El “gasolinazo”de la CDMX

En enero, el consumidor deberá comprar las llamadas bolsas verdes, productos a base de polipropileno

Milén Mérida / Match point / El Heraldo de México
Milén Mérida / Match point / El Heraldo de México

El primero de enero de 2020 entrará en vigor en la CDMX, de Claudia Sheinbaum, la prohibición para comercializar, distribuir y entregar productos plásticos de un solo uso.

Lo anterior, en teoría, suena muy positivo, porque contribuye con el medio ambiente, pero de aplicarse esta prohibición –la cual fue promovida desde la administración de Miguel Ángel Mancera– así como está, sin normas, sin criterios, sin capacidad para gestionar residuos y sin planeación, provocará un duro golpe al bolsillo de los capitalinos.
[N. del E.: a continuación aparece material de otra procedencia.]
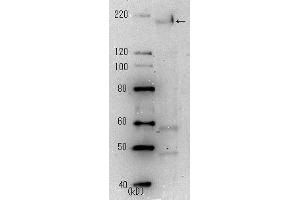 Western Blotting (WB) image for anti-SARS-Coronavirus Spike Protein (SARS-CoV S) antibody (ABIN2452119) (SARS-CoV Spike antibody)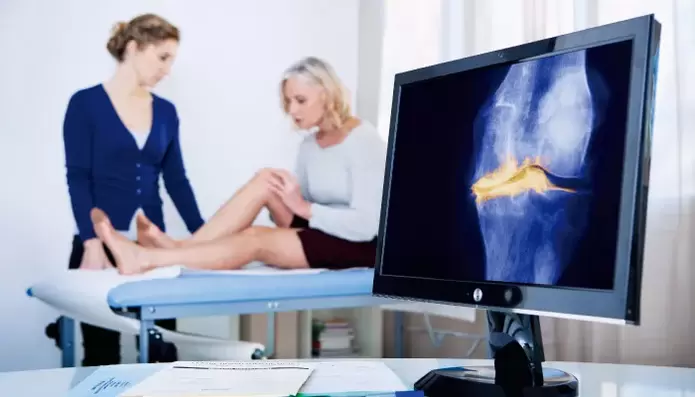 artrose van het gewricht bij een vrouw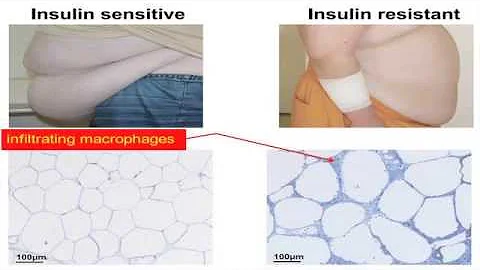 IL6 in Health and Disease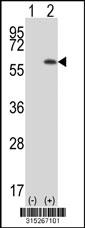 Western blot analysis of his-tag RAP1GDS1 (arrow) using his tag antibody. 293 cell lysates (2 ug/lane) either nontransfected (Lane 2) or transiently transfected with theRAP1GDS1 gene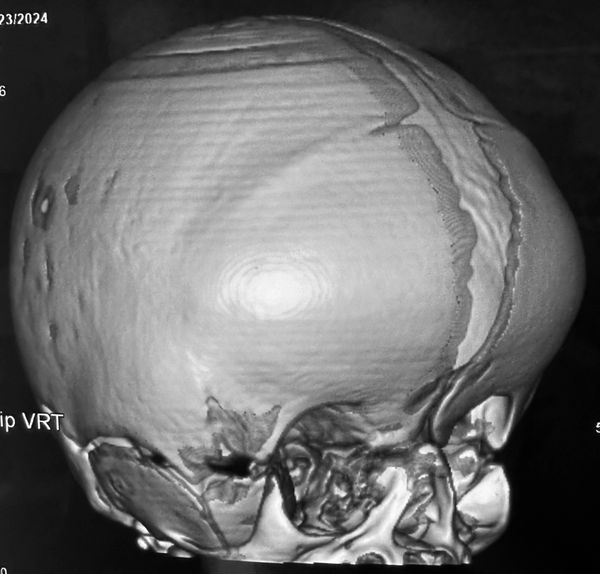 Saethre Chotzen syndrome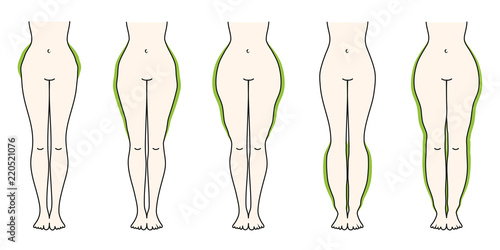 Schaubild Lipödem Grün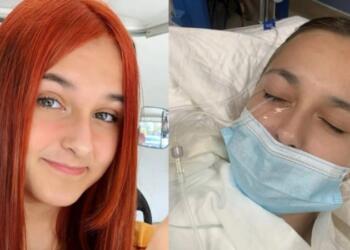 Αληθινός εφιάλτης: 13χρονη τυφλώθηκε από ένα λάθος που κάνουμε όλες οι γυναίκες με τις βαφές μαλλιών! (photo)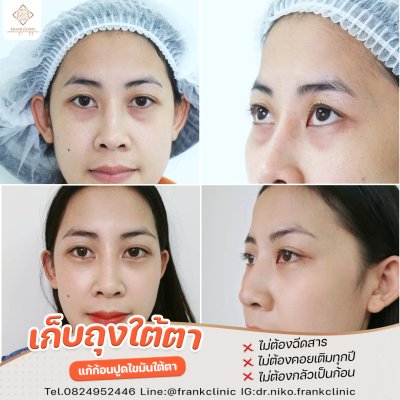 รีวิว ตัดถุงใต้ตา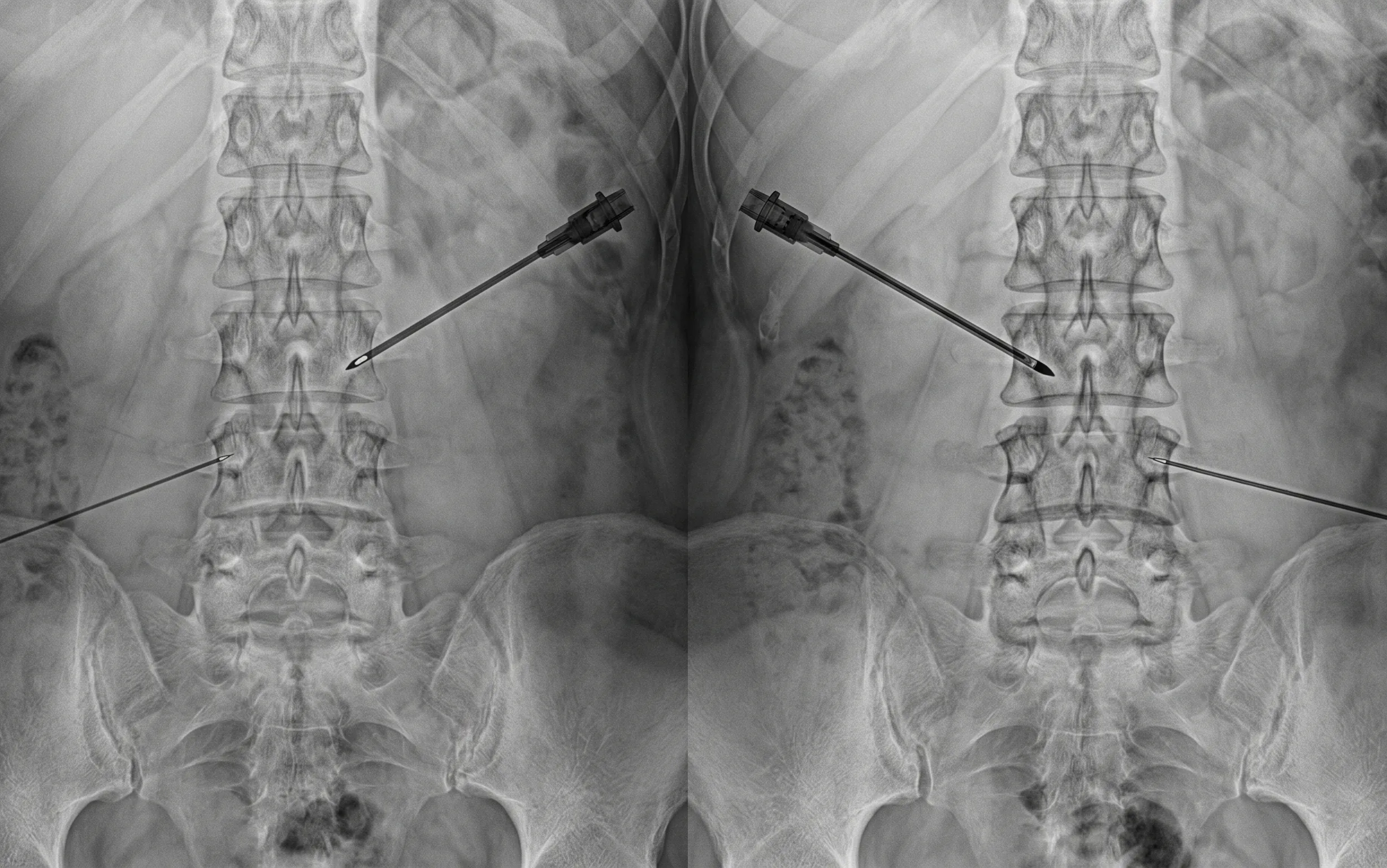 Medial Branch Block with Radiofrequency Ablation procedure illustration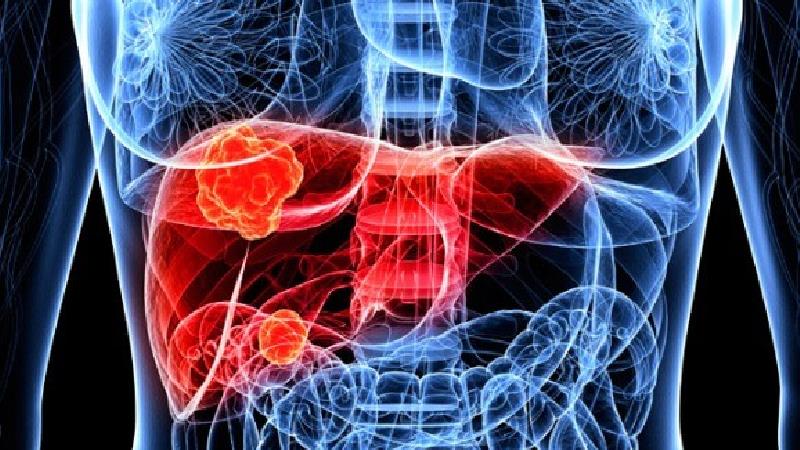 عواملی که باعث افزایش احتمال ابتلا به سرطان کبد می‌شود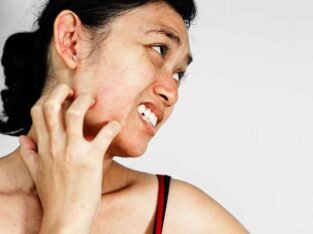 For Any Kinds of Facial Allergies, Feel Free To Contact Us!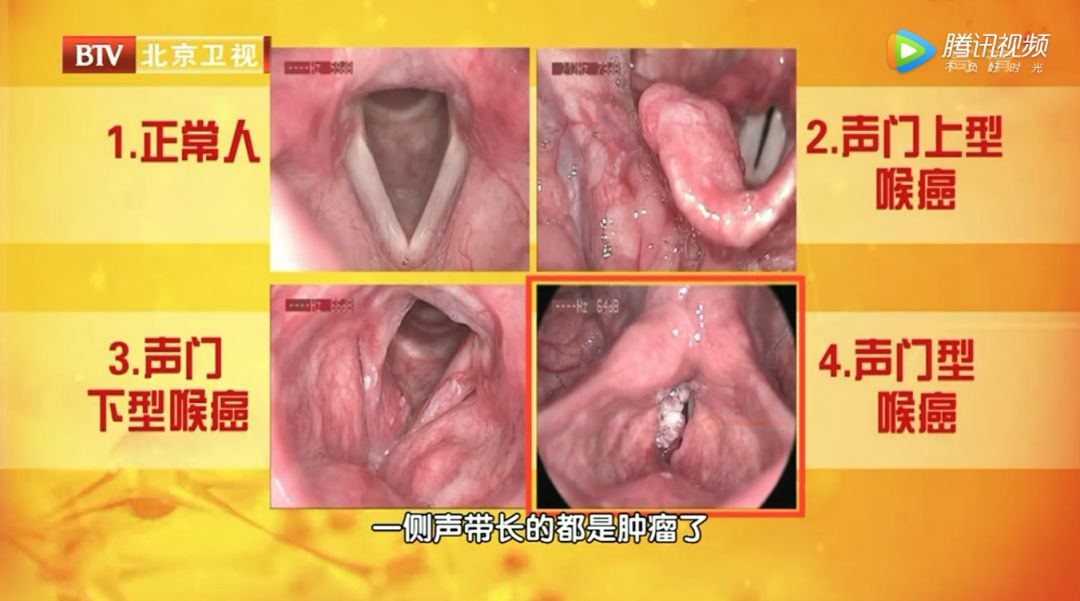 嗓子逐漸變啞竟然和癌症有關 專家説廚房油煙 抽煙 喝酒等都可能會導致這種癌症 北京電視台 微文庫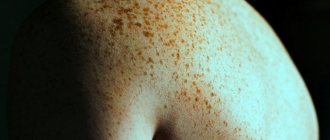 Why do you need freckles all over your body and is it possible to get rid of them?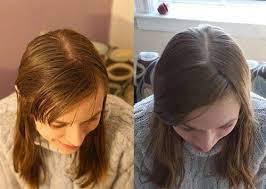 den schalter umzudrehen und die haare mit natron und apfelessig zu waschen sollte nur einen monat dauern aber jetzt kann ich nicht mehr aufh haare waschen mit natron haare naturlich waschen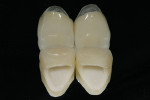 Figure 16  All-ceramic crowns are compared to PFM crowns to demonstrate the same high esthetics that are now possible.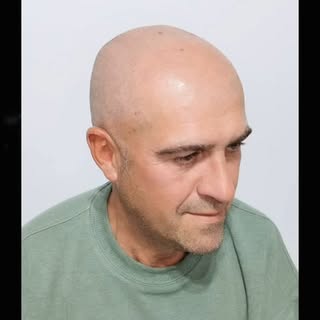 Aquí os dejo  un resumen del proceso de la Micropigmentacion Capilar ✨ 
Donde se pueden apreciar alg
En promedio, una familia utiliza cinco bolsas de plástico a la semana para transportar sus compras o para gestionar residuos de manera limpia y ordenada, mismas que en su mayoría adquiere gratis de los establecimientos y que tiene características de fabricación para ser reusada más de tres veces.

Con la aplicación de este ordenamiento, el consumidor deberá comprar las llamadas bolsas verdes, que no son otra cosa que productos a base de polipropileno, un termoplástico semicristalino, con un costo promedio de 20 pesos y con una durabilidad de un mes. O en su defecto, adquirir las bolsas de plástico compostable, con un costo de 1.50 pesos sin posibilidad de reusarse. Hagan las cuentas.

En cuanto a la gestión de residuos, eje central de esta legislación, además de que ahora la gente deberá comprar sus bolsas para el manejo de sus productos y residuos, resulta que no hay infraestructura suficiente para el compostaje, basta solo un ejemplo: la planta de composta de la CDMX, la cual procesa mil 400 toneladas al día de material orgánico, podría procesar hasta 280 toneladas diarias de plásticos compostables; capacidad que sería insuficiente, lo que provocaría más daños al ambiente y recursos tirados a la basura.

Ante este panorama, 2020 está a la vuelta de la esquina, por lo que tanto Claudia Sheinbaum, como su titular del Medio Ambiente, Marina Robles García, deberían revisar y corregir una prohibición que afectará a millones de familias que tendrán que destinar más de 100 pesos al mes en una solución que ambientalmente no trae los beneficios que se esperan.

CASH

Respecto de mi columna publicada la semana pasada y titulada Avaricia inmobliaria en el Paraíso, recibí una carta de Celestino Estrada, apoderado legal del empresario Alfredo González Palma, en la cual me comenta que este último funge como administrador de la empresa Amistad Bienes y Servicios Empresariales y que dicha firma se dedica a la prestación de servicios inmobiliarios como intermediaria pero no a la venta de terrenos, por lo que rechaza el sentido de lo publicado.

Asimismo, comenta que en el caso que menciono de hechos sucedidos en Monclova, Coahuila, fueron ellos los que sufrieron un despojo por parte de una organización dedicada a la invasión de tierras y no al revés, lo cual fue llevado a término legal.